» AIM OF THE TASK: Your answer should hold only the lines from the one with "Edgewater, FL 32132,1526 QUEEN PALM DR" through the end of the listing below, each retyped exactly.
>>>
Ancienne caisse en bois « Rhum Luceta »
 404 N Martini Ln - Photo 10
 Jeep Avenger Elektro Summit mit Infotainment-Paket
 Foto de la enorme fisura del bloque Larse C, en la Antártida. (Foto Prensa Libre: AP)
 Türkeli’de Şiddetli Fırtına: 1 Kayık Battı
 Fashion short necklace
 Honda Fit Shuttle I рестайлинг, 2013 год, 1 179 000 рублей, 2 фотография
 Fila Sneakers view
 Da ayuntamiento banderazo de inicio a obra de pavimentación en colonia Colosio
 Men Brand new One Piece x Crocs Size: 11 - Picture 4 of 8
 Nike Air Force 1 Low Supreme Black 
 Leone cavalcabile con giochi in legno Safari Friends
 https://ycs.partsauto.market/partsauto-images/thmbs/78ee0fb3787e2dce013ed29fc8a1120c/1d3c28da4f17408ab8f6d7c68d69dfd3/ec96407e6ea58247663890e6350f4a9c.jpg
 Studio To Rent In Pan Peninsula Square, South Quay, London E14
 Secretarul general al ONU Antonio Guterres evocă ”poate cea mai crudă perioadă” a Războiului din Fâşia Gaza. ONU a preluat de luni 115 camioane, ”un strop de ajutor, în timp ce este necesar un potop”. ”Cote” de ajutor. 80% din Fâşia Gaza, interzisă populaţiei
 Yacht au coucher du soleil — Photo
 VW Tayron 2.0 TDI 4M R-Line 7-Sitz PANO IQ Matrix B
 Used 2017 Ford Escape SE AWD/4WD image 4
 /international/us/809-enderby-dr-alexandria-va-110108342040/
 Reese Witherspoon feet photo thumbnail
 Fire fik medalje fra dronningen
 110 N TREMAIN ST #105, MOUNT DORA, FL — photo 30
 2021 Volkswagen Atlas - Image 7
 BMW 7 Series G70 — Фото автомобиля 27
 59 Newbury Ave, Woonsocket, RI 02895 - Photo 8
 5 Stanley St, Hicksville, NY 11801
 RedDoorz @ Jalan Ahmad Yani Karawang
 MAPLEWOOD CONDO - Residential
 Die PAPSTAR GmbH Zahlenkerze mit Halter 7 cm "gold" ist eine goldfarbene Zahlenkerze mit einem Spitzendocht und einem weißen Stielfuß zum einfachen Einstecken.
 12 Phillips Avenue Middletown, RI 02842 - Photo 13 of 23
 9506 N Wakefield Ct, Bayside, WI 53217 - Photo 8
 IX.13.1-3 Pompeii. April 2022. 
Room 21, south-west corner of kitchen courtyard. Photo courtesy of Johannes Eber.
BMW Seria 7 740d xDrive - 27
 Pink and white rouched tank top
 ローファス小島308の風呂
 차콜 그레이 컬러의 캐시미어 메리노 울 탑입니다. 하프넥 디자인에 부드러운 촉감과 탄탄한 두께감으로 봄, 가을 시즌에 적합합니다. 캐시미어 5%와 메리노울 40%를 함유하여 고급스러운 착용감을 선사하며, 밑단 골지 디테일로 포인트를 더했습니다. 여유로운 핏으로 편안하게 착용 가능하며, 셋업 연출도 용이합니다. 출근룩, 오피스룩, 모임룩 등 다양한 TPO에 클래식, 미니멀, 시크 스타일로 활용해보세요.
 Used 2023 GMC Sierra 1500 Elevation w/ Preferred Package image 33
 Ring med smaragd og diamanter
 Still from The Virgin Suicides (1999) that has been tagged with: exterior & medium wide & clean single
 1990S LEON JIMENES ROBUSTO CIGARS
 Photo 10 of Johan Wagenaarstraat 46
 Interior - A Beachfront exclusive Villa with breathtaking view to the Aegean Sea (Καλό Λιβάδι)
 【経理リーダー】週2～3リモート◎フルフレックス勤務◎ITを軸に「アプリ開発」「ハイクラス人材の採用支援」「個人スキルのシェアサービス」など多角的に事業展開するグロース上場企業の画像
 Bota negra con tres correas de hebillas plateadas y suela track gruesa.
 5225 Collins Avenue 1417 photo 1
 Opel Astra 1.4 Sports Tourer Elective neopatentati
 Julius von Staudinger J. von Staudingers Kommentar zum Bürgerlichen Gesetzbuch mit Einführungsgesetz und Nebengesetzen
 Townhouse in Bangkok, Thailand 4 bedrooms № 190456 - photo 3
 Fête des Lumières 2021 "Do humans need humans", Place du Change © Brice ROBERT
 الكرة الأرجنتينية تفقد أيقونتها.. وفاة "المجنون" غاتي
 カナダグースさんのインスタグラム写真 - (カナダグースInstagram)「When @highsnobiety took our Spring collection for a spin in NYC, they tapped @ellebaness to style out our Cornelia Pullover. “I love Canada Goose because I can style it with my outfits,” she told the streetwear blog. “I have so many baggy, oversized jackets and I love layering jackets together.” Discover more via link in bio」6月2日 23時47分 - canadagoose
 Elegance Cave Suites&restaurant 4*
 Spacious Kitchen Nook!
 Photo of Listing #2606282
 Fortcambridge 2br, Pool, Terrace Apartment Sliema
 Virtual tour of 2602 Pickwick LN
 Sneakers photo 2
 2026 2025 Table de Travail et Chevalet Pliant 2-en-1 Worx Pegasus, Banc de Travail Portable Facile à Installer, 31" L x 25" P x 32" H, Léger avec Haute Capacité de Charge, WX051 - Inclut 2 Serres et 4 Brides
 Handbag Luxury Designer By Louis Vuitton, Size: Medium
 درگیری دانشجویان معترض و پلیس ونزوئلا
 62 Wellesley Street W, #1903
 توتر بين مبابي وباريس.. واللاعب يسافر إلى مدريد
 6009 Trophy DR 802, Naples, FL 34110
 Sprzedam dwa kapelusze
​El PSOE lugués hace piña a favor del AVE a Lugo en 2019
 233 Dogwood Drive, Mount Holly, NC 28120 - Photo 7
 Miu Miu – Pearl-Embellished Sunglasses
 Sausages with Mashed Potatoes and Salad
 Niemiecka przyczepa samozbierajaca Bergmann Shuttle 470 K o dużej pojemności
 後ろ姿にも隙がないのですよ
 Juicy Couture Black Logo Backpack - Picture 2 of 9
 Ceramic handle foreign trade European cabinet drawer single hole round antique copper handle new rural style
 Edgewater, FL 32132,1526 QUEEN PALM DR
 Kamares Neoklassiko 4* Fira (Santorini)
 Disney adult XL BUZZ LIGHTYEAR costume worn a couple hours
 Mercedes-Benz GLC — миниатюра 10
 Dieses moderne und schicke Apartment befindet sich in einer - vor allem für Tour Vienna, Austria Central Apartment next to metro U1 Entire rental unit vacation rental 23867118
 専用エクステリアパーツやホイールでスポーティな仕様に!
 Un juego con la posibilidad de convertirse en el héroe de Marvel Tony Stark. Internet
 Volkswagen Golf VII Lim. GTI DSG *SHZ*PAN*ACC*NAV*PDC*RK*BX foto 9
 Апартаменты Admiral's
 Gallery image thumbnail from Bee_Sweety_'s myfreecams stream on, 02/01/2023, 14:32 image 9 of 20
<<<
» RESULT OF THIS EXERCISE:
 Edgewater, FL 32132,1526 QUEEN PALM DR
 Kamares Neoklassiko 4* Fira (Santorini)
 Disney adult XL BUZZ LIGHTYEAR costume worn a couple hours
 Mercedes-Benz GLC — миниатюра 10
 Dieses moderne und schicke Apartment befindet sich in einer - vor allem für Tour Vienna, Austria Central Apartment next to metro U1 Entire rental unit vacation rental 23867118
 専用エクステリアパーツやホイールでスポーティな仕様に!
 Un juego con la posibilidad de convertirse en el héroe de Marvel Tony Stark. Internet
 Volkswagen Golf VII Lim. GTI DSG *SHZ*PAN*ACC*NAV*PDC*RK*BX foto 9
 Апартаменты Admiral's
 Gallery image thumbnail from Bee_Sweety_'s myfreecams stream on, 02/01/2023, 14:32 image 9 of 20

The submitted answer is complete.